# How Many Hours Do You Sleep Every Night?  Take the Poll!



## SeaBreeze (Jan 19, 2018)

I just heard on the radio that the recommended amount of sleep for men was 7.8 hours a night, and 7.6 hours for women.  They said that those who only got 6 hours of sleep for a week straight had less ability to focus on things and were less productive at work.

I get between 7 and 8 hours every night, but used to get much less when I was working because I had to get up really early in the mornings.  How much sleep do you get at night, take the poll and share your numbers. fftobed:


----------



## Olivia (Jan 19, 2018)

It's hard for me to really choose how many hours per night because it varies so much. If I get enough one night to feel fairly rested with energy to do things, the following night I might get two or three hours apparently because I'm too rested. Can't really win.


----------



## Falcon (Jan 19, 2018)

Hopefully  about  8  hours.


----------



## Aunt Bea (Jan 19, 2018)

About 6 hours at night and an afternoon nap of an hour or two.
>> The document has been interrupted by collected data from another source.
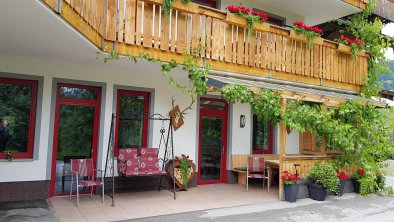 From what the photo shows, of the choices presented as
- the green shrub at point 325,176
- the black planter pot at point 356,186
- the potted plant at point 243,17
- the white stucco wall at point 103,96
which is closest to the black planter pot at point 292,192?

Since I retired I'm sort of like an old dog or cat, I eat and sleep when I feel the need and don't really stick to a set schedule.


----------



## Pappy (Jan 19, 2018)

My vivofit usually reads about 4 to 5 hours deep sleep and 2 to 4 light and awake sleep. Some nights I listen to the radio half the night.


----------



## IKE (Jan 19, 2018)

Around 7 or 8.

Mama thinks I'm nutz but I've still got the same sleep schedule that I had when I worked even though I've been retired since 4-1-2015.......in bed by around 8:30 p.m and up around 3:30 a.m.


----------



## HazyDavey (Jan 19, 2018)

Olivia said:


> It's hard for me to really choose how many hours per night because it varies so much. If I get enough one night to feel fairly rested with energy to do things, the following night I might get two or three hours apparently because I'm too rested. Can't really win.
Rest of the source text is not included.